4. Science as a Bridge: Cooperation Amid Rivalry
From a technical and analytical standpoint, Sarah Laderman outlined how science and technology can create space for cooperation—even among rivals:
- Historical examples—from Cold War scientific exchanges and Pugwash conferences to the International Geophysical Year and the Antarctic Treaty—show how technical collaboration can generate trust and concrete policy outcomes.
- Today, large international projects such as ITER or regional facilities like SESAME demonstrate that states with serious political disagreements can still work together on shared scientific goals.
- In the nuclear field, she highlighted nuclear safety and the humanitarian consequences of nuclear use as potential areas for engagement, including in challenging contexts such as the Korean Peninsula.
As Laderman noted, “science could become a bridge for nuclear policy cooperation,” by building human-to-human connections, generating shared evidence, and creating practical pathways for risk reduction when diplomatic channels are strained.
Key Takeaways: What Can We Still Agree On?
Across the opening remarks, panel interventions and audience questions, several points of convergence emerged:
- Nuclear risks are rising, but dialogue remains essential.
Geopolitical tensions, eroding arms control frameworks and new technologies are increasing uncertainty. Yet participants repeatedly stressed that without sustained dialogue—formal and informal—these challenges cannot be resolved. - Even in a fragmented world, common ground exists.

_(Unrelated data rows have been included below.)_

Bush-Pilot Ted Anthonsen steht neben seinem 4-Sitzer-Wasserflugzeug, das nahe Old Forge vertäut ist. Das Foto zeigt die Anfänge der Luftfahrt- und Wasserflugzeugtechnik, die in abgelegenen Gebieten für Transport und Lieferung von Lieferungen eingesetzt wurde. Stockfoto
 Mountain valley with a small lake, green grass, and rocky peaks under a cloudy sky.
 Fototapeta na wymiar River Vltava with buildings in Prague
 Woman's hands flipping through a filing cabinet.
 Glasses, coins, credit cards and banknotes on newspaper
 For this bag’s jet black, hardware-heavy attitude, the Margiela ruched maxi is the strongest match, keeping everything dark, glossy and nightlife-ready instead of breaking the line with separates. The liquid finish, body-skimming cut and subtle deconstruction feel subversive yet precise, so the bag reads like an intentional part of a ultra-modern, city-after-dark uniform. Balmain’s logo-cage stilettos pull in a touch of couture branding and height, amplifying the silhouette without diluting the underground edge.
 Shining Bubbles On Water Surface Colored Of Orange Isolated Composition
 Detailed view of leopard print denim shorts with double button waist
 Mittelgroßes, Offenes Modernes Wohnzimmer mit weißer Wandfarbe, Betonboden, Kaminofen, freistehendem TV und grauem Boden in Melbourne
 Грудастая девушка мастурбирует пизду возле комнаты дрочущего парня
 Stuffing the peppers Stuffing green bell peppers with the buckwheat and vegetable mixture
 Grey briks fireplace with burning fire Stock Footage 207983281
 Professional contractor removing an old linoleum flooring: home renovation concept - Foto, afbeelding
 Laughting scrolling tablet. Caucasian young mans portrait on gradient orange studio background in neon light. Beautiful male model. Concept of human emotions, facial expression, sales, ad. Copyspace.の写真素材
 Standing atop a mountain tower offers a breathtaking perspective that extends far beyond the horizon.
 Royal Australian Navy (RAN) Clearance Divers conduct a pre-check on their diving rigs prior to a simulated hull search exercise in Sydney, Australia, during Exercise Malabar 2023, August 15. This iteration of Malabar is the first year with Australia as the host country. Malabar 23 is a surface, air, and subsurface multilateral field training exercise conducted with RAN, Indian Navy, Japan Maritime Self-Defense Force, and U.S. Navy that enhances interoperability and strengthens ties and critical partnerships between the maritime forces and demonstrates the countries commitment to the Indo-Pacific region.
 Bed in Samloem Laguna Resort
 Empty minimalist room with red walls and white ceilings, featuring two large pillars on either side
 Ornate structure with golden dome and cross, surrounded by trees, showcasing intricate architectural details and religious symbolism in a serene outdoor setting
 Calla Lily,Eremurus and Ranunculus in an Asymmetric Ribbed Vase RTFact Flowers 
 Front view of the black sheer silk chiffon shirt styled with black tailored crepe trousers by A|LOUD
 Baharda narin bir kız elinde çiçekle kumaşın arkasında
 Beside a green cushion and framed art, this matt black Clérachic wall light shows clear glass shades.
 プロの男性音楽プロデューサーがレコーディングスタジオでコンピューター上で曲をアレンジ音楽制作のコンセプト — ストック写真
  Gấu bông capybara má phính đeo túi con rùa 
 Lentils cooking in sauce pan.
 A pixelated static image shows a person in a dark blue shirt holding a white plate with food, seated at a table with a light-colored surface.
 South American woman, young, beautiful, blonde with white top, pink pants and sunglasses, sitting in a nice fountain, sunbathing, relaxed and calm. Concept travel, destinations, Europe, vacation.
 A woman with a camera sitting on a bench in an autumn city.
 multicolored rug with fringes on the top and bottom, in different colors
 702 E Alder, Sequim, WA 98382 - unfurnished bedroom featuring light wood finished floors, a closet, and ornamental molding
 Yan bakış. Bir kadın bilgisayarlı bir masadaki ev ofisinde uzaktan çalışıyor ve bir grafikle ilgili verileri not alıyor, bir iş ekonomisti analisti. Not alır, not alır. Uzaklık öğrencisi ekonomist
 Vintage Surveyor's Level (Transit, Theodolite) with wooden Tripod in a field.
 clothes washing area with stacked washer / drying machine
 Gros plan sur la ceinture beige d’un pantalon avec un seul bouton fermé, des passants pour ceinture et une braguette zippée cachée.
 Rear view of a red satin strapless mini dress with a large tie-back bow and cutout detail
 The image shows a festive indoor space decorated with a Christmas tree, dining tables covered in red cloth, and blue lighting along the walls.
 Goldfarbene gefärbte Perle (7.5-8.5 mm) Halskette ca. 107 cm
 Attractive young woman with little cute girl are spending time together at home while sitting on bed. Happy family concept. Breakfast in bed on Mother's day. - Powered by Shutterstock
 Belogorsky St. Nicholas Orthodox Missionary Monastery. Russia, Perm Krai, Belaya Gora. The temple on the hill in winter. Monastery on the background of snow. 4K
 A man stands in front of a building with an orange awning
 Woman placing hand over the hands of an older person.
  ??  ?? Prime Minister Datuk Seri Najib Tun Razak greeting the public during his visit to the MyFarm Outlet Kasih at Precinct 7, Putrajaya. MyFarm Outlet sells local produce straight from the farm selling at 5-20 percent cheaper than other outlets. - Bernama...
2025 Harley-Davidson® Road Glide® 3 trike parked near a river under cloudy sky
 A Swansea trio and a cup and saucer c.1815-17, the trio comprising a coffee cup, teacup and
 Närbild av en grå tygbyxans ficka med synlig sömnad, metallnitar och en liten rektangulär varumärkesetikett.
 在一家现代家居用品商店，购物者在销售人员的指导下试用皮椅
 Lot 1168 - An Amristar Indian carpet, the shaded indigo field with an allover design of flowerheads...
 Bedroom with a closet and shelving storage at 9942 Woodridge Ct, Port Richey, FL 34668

Areas such as risk reduction, transparency, verification, nuclear-weapon-free zones and technical cooperation still offer realistic opportunities for progress and shared interests. - Science could become a bridge for nuclear policy cooperation.
Scientific evidence on the humanitarian and environmental consequences of nuclear war, nuclear safety concerns and verification technologies can help re-centre debates and open channels of cooperation among states that disagree on broader political questions. - Small steps today can meaningfully shape global norms tomorrow.
Participants cautioned against “all-or-nothing” thinking: incremental measures, even when modest, can help restore trust, clarify expectations and gradually strengthen the nuclear governance architecture.
As we head toward 2026, the choices we make—and the conversations we choose to have—will matter. This dialogue was one contribution to that ongoing work; many more will be needed.